Department of Anaesthesia and Intensive Care – The Chinese University of Hong Kong
Here an amazing graphics with principles of airway management in suspected or confirmed COVID-19 patients which may apply to Operative Room, Intensive Care Unit, Emergency Department and, eventually, ward; similar principles may be applied at extubation, by Albert Chan (@gaseousXchange on twitter) realized for the Department of Anaesthesia and Intensive Care – The Chinese University of Hong Kong, and proposed in lot of different languages (English, French, Spanish, Italian, German, Japanese, Portuguese, and simplified Chinese), with the purpose to try helping clinicians around the world; all versions are available for download here (high resolution) .

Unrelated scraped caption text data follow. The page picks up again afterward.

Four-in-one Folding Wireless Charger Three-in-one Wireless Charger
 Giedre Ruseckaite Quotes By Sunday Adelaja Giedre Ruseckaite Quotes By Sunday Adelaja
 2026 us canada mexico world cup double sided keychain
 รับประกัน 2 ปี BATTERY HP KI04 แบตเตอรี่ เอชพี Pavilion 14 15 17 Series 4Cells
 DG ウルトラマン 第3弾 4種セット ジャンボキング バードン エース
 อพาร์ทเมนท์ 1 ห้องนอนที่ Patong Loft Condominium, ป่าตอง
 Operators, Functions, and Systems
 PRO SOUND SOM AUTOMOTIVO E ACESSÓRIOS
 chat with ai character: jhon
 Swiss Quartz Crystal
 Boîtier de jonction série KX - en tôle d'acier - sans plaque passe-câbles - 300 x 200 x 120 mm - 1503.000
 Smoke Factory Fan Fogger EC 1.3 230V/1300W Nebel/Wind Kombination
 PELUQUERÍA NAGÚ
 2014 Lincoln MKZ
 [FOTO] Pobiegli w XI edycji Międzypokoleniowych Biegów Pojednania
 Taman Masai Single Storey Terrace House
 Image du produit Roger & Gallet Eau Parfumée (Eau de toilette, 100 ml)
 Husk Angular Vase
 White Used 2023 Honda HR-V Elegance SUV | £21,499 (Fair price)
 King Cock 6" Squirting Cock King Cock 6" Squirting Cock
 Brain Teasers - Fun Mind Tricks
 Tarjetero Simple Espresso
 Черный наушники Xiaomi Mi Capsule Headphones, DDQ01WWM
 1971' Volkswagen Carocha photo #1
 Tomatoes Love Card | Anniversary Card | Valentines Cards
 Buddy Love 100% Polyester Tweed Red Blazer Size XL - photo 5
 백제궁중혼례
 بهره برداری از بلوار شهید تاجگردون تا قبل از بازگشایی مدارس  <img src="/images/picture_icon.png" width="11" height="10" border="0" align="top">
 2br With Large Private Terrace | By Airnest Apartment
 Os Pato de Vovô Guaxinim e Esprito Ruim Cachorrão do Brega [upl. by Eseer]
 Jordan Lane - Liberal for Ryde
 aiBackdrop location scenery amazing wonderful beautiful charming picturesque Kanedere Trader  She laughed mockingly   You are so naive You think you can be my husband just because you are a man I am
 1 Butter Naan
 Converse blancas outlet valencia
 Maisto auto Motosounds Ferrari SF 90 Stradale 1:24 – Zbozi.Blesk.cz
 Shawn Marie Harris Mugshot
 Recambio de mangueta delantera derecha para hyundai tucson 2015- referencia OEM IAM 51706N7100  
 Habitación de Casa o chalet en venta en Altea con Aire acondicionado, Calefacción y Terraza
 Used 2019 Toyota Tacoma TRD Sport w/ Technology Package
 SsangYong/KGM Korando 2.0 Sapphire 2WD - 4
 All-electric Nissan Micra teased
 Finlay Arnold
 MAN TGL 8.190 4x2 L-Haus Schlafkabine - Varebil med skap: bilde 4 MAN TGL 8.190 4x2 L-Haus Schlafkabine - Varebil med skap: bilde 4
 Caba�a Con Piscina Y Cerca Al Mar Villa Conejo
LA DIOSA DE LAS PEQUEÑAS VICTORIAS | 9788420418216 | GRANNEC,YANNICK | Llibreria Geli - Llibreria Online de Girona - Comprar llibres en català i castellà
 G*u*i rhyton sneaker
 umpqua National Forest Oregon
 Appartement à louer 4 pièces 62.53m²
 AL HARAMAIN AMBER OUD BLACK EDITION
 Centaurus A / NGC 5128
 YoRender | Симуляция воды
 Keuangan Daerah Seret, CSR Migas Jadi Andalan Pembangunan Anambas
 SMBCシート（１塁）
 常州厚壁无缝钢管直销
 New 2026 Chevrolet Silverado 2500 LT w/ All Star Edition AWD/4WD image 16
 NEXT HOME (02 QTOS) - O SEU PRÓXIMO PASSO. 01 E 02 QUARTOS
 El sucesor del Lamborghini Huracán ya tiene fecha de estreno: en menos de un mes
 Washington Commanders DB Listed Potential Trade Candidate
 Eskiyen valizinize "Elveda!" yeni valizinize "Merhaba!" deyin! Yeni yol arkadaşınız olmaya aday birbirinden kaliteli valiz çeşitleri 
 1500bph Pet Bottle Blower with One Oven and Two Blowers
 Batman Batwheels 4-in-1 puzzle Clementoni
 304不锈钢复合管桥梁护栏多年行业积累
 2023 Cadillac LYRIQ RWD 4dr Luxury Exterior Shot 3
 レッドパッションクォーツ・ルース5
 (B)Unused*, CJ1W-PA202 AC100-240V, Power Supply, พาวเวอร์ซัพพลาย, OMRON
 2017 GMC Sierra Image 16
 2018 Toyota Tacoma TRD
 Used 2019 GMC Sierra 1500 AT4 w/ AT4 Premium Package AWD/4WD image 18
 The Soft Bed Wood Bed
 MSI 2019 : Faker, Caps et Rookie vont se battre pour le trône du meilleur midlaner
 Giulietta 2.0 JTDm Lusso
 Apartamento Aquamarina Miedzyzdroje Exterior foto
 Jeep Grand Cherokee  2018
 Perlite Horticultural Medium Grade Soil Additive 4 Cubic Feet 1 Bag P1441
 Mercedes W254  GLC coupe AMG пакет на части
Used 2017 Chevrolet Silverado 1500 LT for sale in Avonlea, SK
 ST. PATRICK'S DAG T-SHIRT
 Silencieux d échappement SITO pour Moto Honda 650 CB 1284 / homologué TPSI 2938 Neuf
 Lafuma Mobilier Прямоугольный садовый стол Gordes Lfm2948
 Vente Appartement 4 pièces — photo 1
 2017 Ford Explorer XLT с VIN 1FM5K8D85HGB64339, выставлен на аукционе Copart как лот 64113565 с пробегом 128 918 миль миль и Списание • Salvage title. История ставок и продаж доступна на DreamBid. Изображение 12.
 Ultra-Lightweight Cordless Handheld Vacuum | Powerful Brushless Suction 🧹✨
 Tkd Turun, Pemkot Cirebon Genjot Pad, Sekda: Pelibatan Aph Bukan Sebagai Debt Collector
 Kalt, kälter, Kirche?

Criticalcarenorthampton & Propofology
The following represent a proposal of checklists when considering or performing airway intervention in suspected (& confirmed) COVID-19 patients, with pre-intubation, intubation and post-intubation approach , made by a collaborative group including (random order): Dr Jonny Wilkinson, Dr David Lyness, The ICS – Intensive Care Society, and the Midlands Coronavirus ITU Group. Proposed in different styles… First one by Jonny Wilkinson (follow him on twitter @Wilkinsonjonny) available for download at Criticalcarenorthampton.com, with lot of COVID-19 resources including an intubation COVID trolley set up checklist. The other two amazing ones by David Lyness: check COVID-19 dedicated page on his blog, Propofology blog (full resolution infographics & tons of other educational stuff related to SARS-CoV-2 infection), and follow him on twitter @Gas_Craic.
An update of the Alfred ICU guidelines for intubation of critically ills to include an appendix with specific considerations for SARS-CoV-2, outlining modifications for suspected COVID19 has been published by Julia Coull & Chris Nickson (follow them on twitter, @julia_coull & @precordialthump) check & download full document on Intensive Blog.
In the last infographics, emerging best practices for performing tracheal intubation in this population, based on current evidence from China and prior understanding of SARS. Focus on what to do/avoid in this setting! By Patrick Boreskie and published on CanadiEM website!